Yaptıkları bir araştırmada hükümlülerin sigarayı bırakmak istediklerini saptadıklarını da anlatan Gürer, "Ekibimiz 'Bir Dal da Sen Kır' başlıklı bir proje hazırladı. Bu kapsamda cezaevi içinde bir sigara bırakma polikliniği kuruyoruz. Sigaradan kurtulmak isteyen hükümlü ve tutuklulara danışmanlık vereceğiz. Kurumlardan destek alabilirsek sigarayı bıraktırıcı ilaç da verebileceğimizi düşünüyoruz. Kurumumuzda halen 2 koğuşta sigara içilmiyor, projeyle dumansız koğuş sayısının 10'a çıkarılmasını hedefliyoruz" diye konuştu.

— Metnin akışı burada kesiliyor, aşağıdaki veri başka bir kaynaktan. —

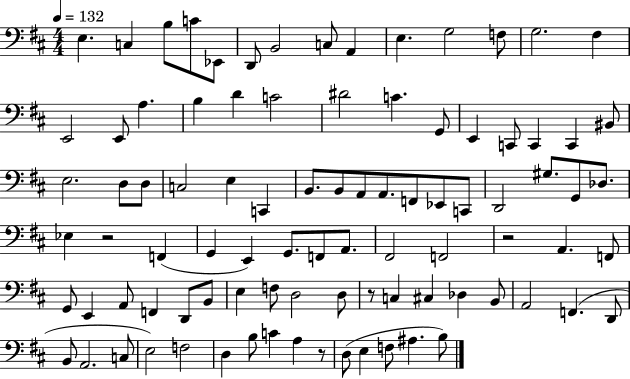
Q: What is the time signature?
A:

Gürer, infaz memurlarına yönelik eğitimler kapsamında da memurlara öfke kontrolü, kriz yönetimi, ikna edici iletişim gibi konularda uygulamalı eğitimler verdiklerini sözlerine ekledi.
 
"Hayata bağlanıyorum"-
Umut Odası'nın kullanıcıları arasında yer alan 22 yaşındaki hükümlü C.Ö, cinayet nedeniyle cezaevine girmesi sonrası engelli olan iki kardeşini ve dar gelirli olan ailesini yalnız bıraktığı için büyük suçluluk duyduğunu, uzun süre ilaç kullanmak zorunda kaldığını söyledi. Umut Odası'na ilk girdiğinde çok şaşırdığını, odada cezaevi ortamını unutarak çok farklı şeyler düşünebildiğini söyleyen C.Ö, "Burası bana özgürlüğü hatırlatıyor, umut veriyor. Hayata bağlanıyorum. Terapi için ilk adımı cezaevi yetkilileri attı. Ben de bu adıma karşılık verdim. Şu anda geçmişe göre daha iyiyim" diye konuştu.